Saturday, March 16, 2013

I decided to bake a raspberry pie yesterday morning for evening dessert, using a package of frozen whole raspberries, thawed, and partially cooked to a thick mass with sugar and a little cornstarch before filling the pie crust. I added brandy flavouring to the raspberries as the mass cooled, then prepared the pie crust. And since I had decided to make a lattice crust, I decided also to sprinkle the interstices atop the revealed raspberries with chopped pecans for a little crunch.  It baked in my little counter-top convection oven to a crust-crisp brown, with a wonderful fragrance. After dinner my husband used whipped cream to top his portion, while I preferred it unadorned and delicious.

After the pie had baked we went out for a ravine walk, delighted that the morning's snow had sifted a white layer over the trees, covering up as well the detritus now being revealed on the melting snowpack.
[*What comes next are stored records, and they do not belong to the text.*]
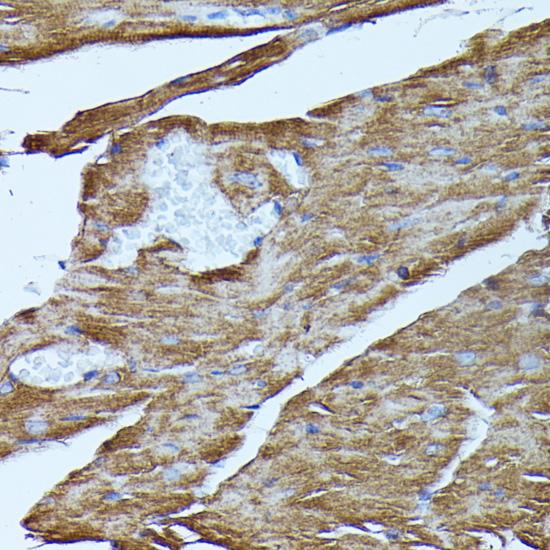 FGD1 Antibody - Immunohistochemistry of paraffin-embedded Mouse heart using FGD1 Polyclonal Antibody at dilution of 1:100 (40x lens).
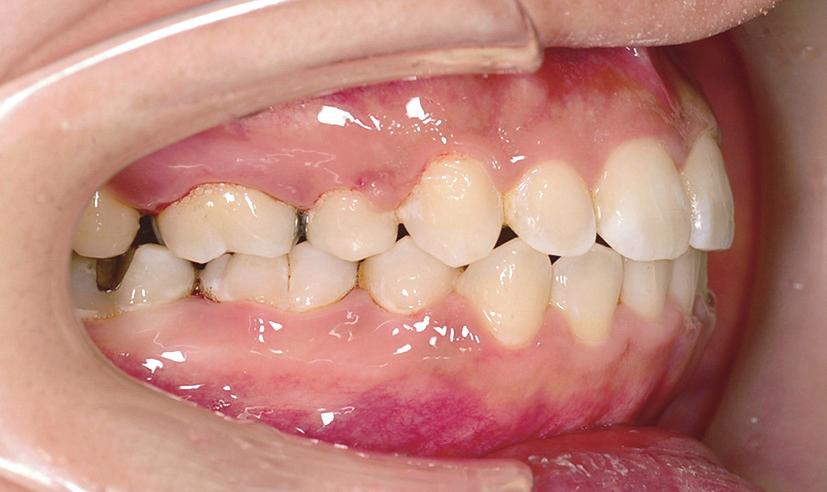 Statistical analyses To evaluate the effectiveness of orthodontic treatment in subjects who had undergone level anchorage system treatment with two different anchorage systems, the en-masse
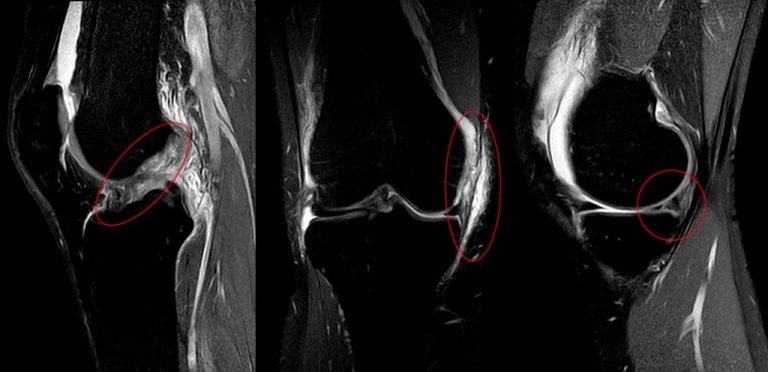 A ressonÃ¢ncia magnÃ©tica Ã© o exame mais importante para avaliar a lesÃ£o do LCA pois fornece dados nÃ£o sÃ³ do grau de comprometimento do ligamento como tambÃ©m de lesÃµes associadas de outras estruturas a exemplo dos meniscos e da cartilagem, muito frequentes na lesÃ£o do LCA.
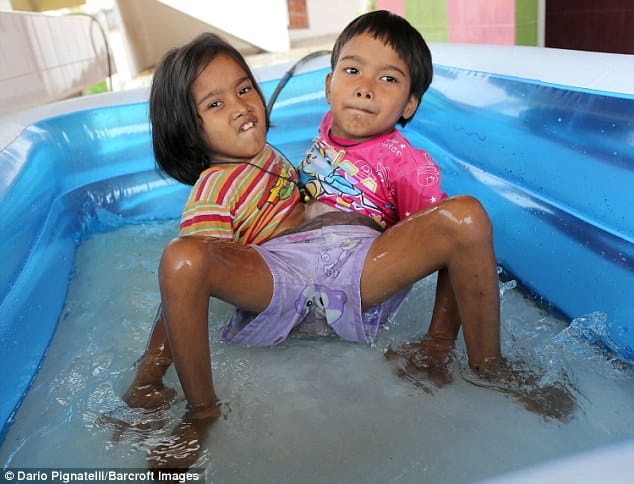 conjoined twins from hips in thailand dont want to get separate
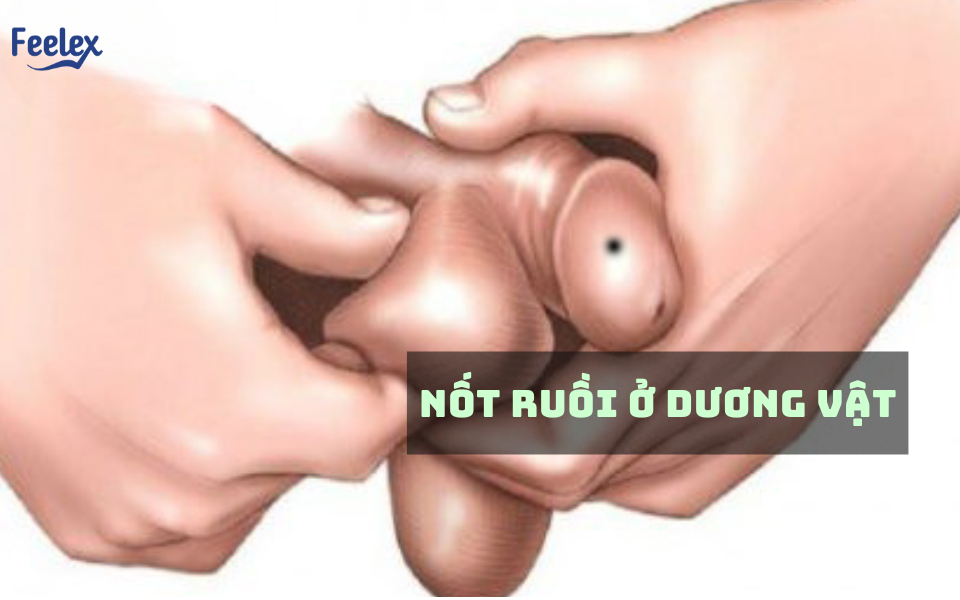 nốt ruồi ở dương vật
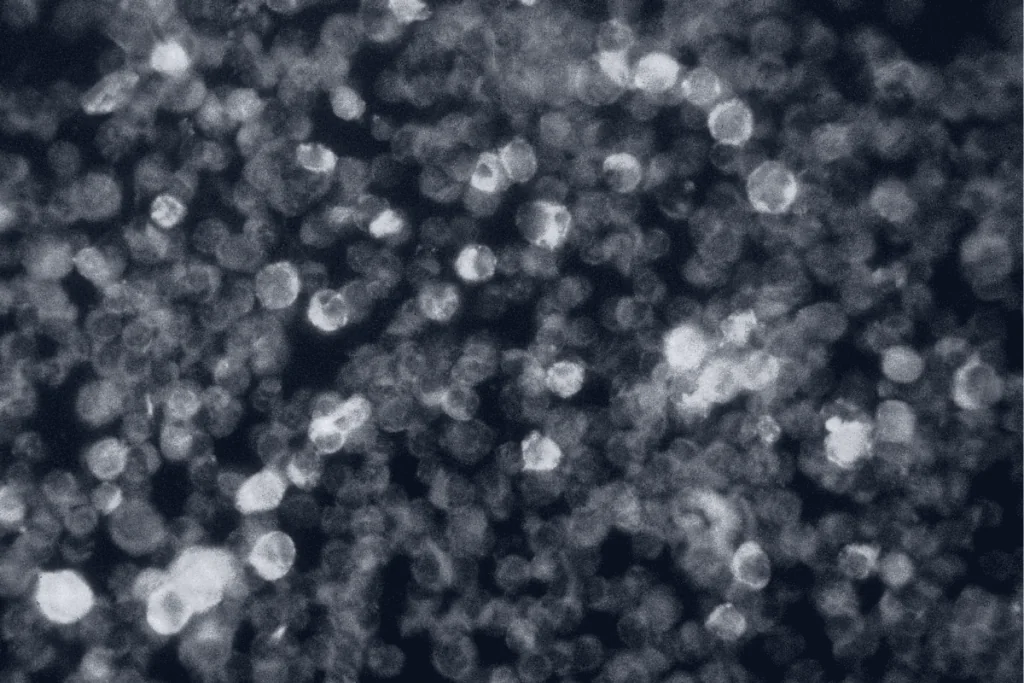 Leucemia Mieloide Crônica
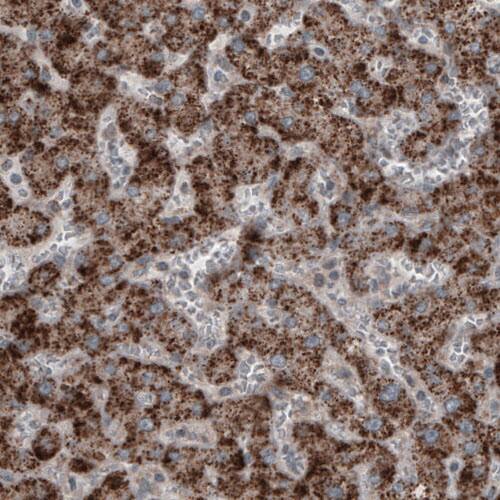 ACAA1 Antibody (CL2663) - Azide and BSA Free Immunohistochemistry-Paraffin: ACAA1 Antibody [NBP3-44446]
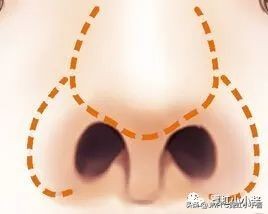 鼻子怎么修复好看呢,鼻型修复方法大全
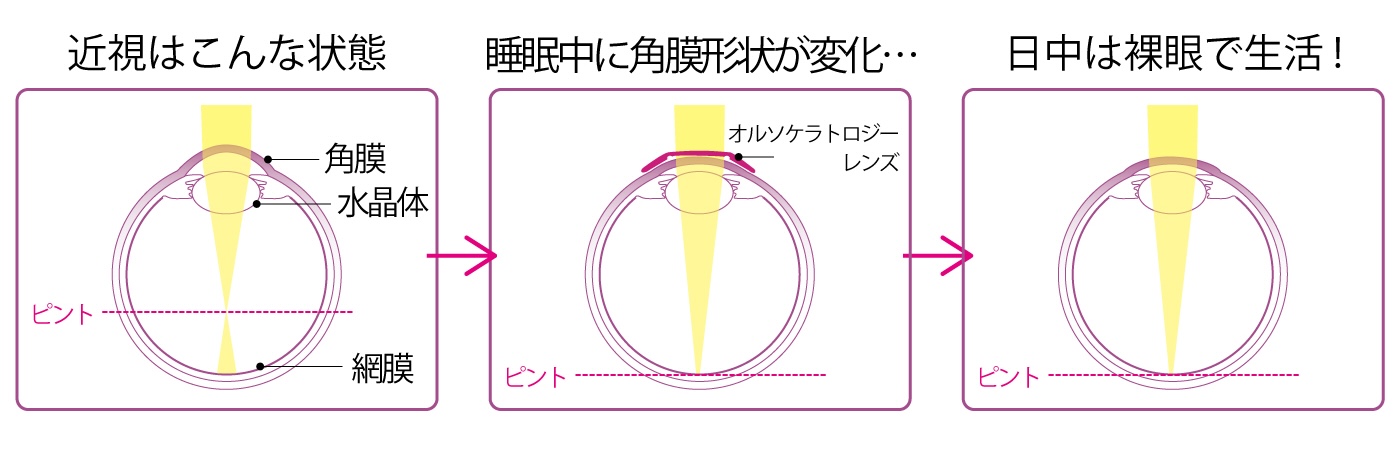 オルソケラトロジー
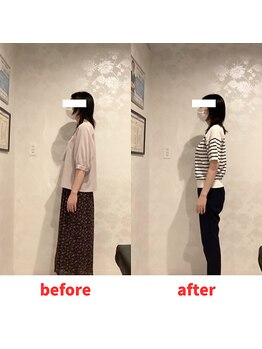 ナオル整体 福岡香椎院(NAORU整体)/30代女性施術事例【姿勢改善】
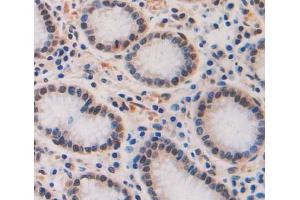 Used in DAB staining on fromalin fixed paraffin- embedded Kidney tissue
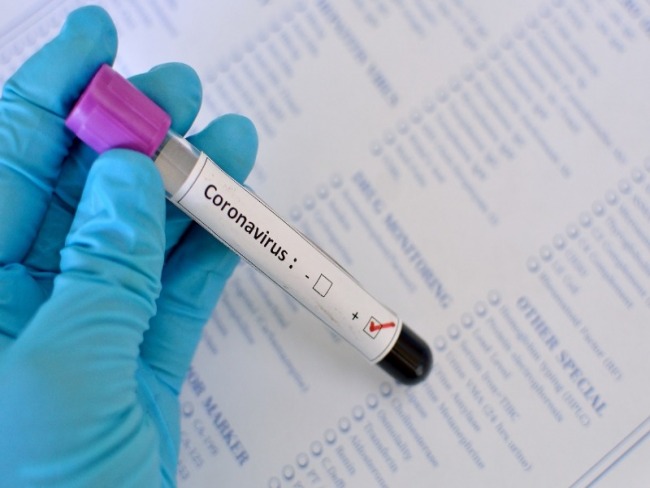 Serrolndia registra mais 4 casos positivos de COVID-19 e nmero agora  de 16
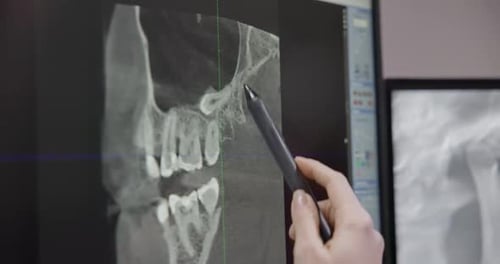 Radiologist Dentist Doctor Looking at Teeth 3D Xray On Desktop Computer Monitor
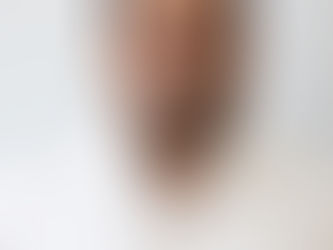 Helping Baby Boomers Take Care of Their Joints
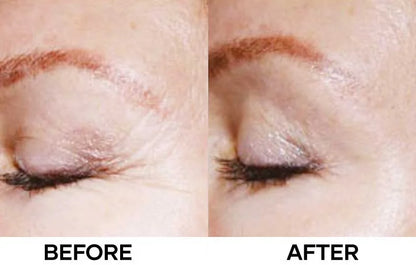 The 6 Peptide Skin Booster Serum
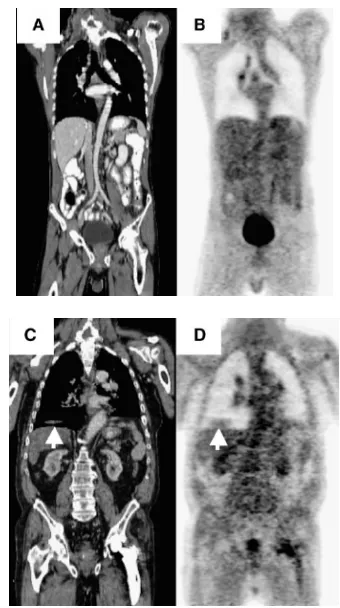 Figure 7. Effect of respiratory motion in CT propagates into the emission image through the attenuation correction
The creek was running full and muddy with the run-off, and crows were mobbing overhead, cawing wildly. The temperature, which had been forecasted to be almost as cold as the day before, was nothing of the kind; it turned out to be a springlike, relatively mild and beautiful day with the sky clearing occasionally to allow the sun to warm things up further.

We chanced to come across a young man who lives on the street behind ours, whom we've been acquainted with since he was about eight years old, a friend of a neighbour who lives at the top of our own street. We'd seen him through a succession of three dogs over the period of our acquaintanceship, usually his mother out walking them in their turn, and occasionally he whooping it up with his friend, running through the ravine trails -- with the dog in ecstatic freedom before them.

They now have a small and overweight little Jack Russell, the third of the succession. The young man was out walking with his girlfriend, a sweetly lovely young blonde woman accompanied by her own little dog. And that dog, dustmite-sized, was busy leaping around our feet, eager to be greeted, full of life and joy, completely captivating in its diminutive charm.  It wore a little jacquard-grey woolen sweater against the snow and the cold, its tiny hood flopping about as it leaped at our feet.

A teacup-sized Yorkie; when I lifted it briefly before it insisted on being allowed to regain its own four feet firmly on terra firma, it weighed next-to-nothing. And when, as we spoke, we saw another dog coming toward us - a very large boxer-hound mix with brindled coat, the tiny Yorkie leaped in delight toward the giant that loomed over it, unafraid, curious, delighted to greet another dog.

This two-year-old Yorkie came into the young woman's life when her 18-year-old Jack Russell whom she had loved since she was herself five years of age, finally left her.